And how she lost control of the bike and it toppled when she turned her head back.
Her thoughts were interrupted by soft knocking on the door. Lois stepped in tentatively. Her eyes scanned the room, falling on Sunny. “I never cleaned up in here. I wasn’t sure what to do with everything.”
“It’s fine, Mother.”
Lois sighed. “Maybe after
the election. Sam thinks I’ll have plenty of spare time.”

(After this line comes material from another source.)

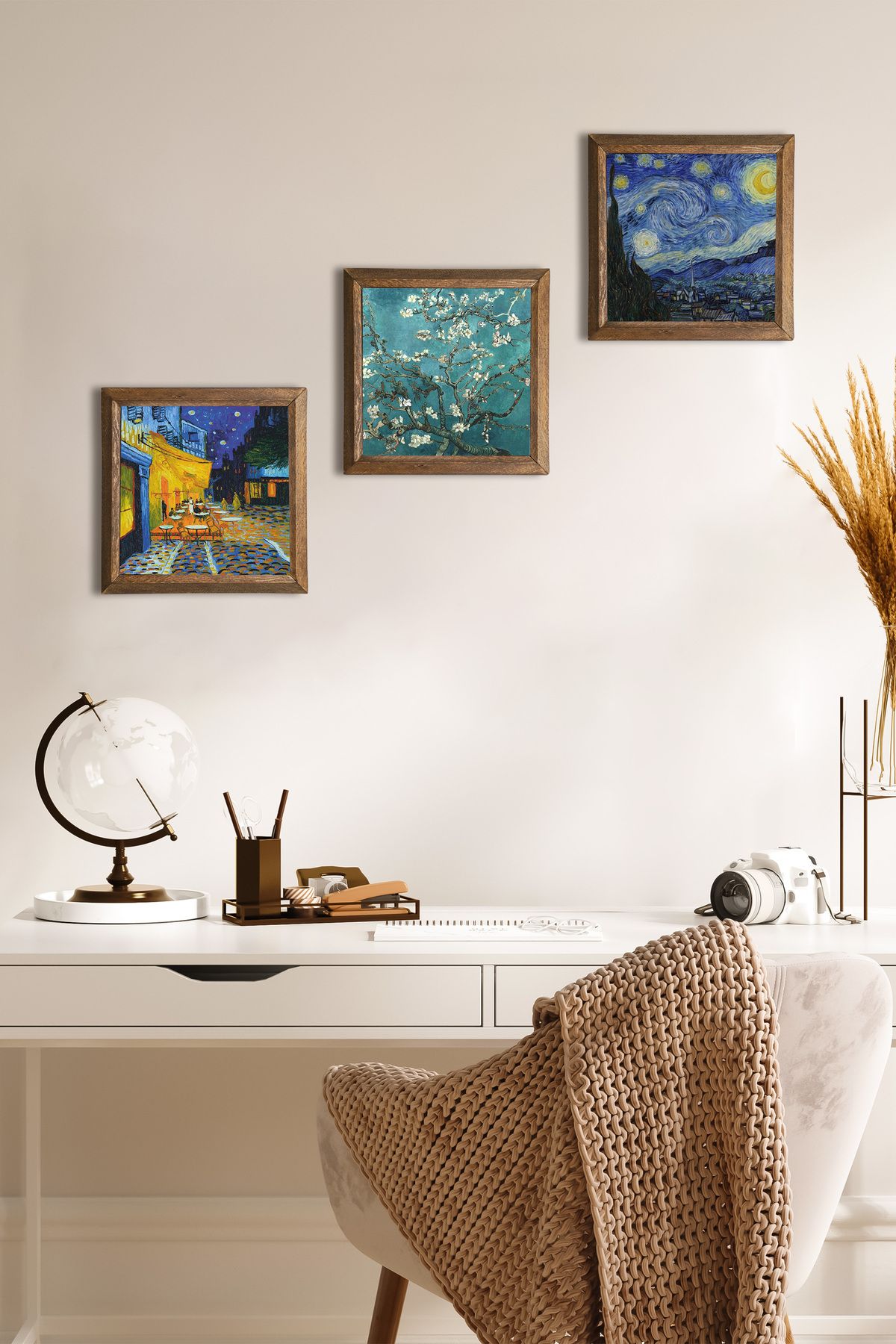 Pinecone Van Gogh Kafe Terasta Gece, Yıldızlı Gece, Badem Ağacı Taş Duvar Tablosu Çerçeveli Duvar Dekoru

“That sounds like a concession speech,” said Sunny.
Lois shrugged. “Everyone in town thinks I’m losing. You can see it in their eyes. Like I have some kind of horrible disease or something.”
“Do you think you’ll lose?”
Lois’s eyes widened incredulously. “Oh, darling, we don’t think like that in this family. Do we?”
Sunny nodded softly.
“We’re having a campaign meeting tomorrow. Vera Butane’s bringing blueberry cobbler.”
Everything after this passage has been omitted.